Easter in Malaga 2025

Easter in Malaga is one of the most important and busiest times of the year in the city. Also known as Holy Week (semana santa in Spanish), Easter in Malaga is characterised by long, solemn processions that parade through the city for seven days.

To help you make the most of Easter in Malaga we’ve compiled a list of FAQs as a guide to all you need to know about this unique event.

Malaga Easter week processions

When is Easter in Malaga this year?

Easter in Malaga takes place from 13 to 20 April 2025.

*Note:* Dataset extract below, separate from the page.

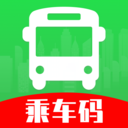 乘车码公交通app官方版v1.0.0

What are the Easter processions?

Organised by brotherhoods (hermandades or cofradías in Spanish), the processions are parades consisting of at least two large floats, one carrying a Christ figure and the other a figure of the virgin with members of the brotherhood carrying the floats or walking in front of them.

Read about Holy Week processions in Malaga and find out who’s who and what’s what.

Top tip – want to see the floats close up? Pop into Malaga churches and brotherhoods in the morning during Easter week

When are the processions?

The processions usually start in the afternoon and continue well into the evening and in many cases, early hours of the morning. You can download a calendar of Easter week processions in Malaga here – click on ‘Horarios e Itinerarios’. There are no processions on Saturday 19 April.

more things to do in Malaga at Easter

Where can I find them?

All the processions (about 40 of them) start and finish in their own churches or chapels, but they all share a common route. This runs through Plaza de la Constitución, along Calle Larios, Calle Martínez, Calle Atarazanas and Calle Torregorda, then along the Alameda Principal as far as Plaza de la Marina where they turn to go up Calle Molino Lario to the Cathedral entrance on Plaza del Obispo.

Which are the best processions at Easter in Malaga?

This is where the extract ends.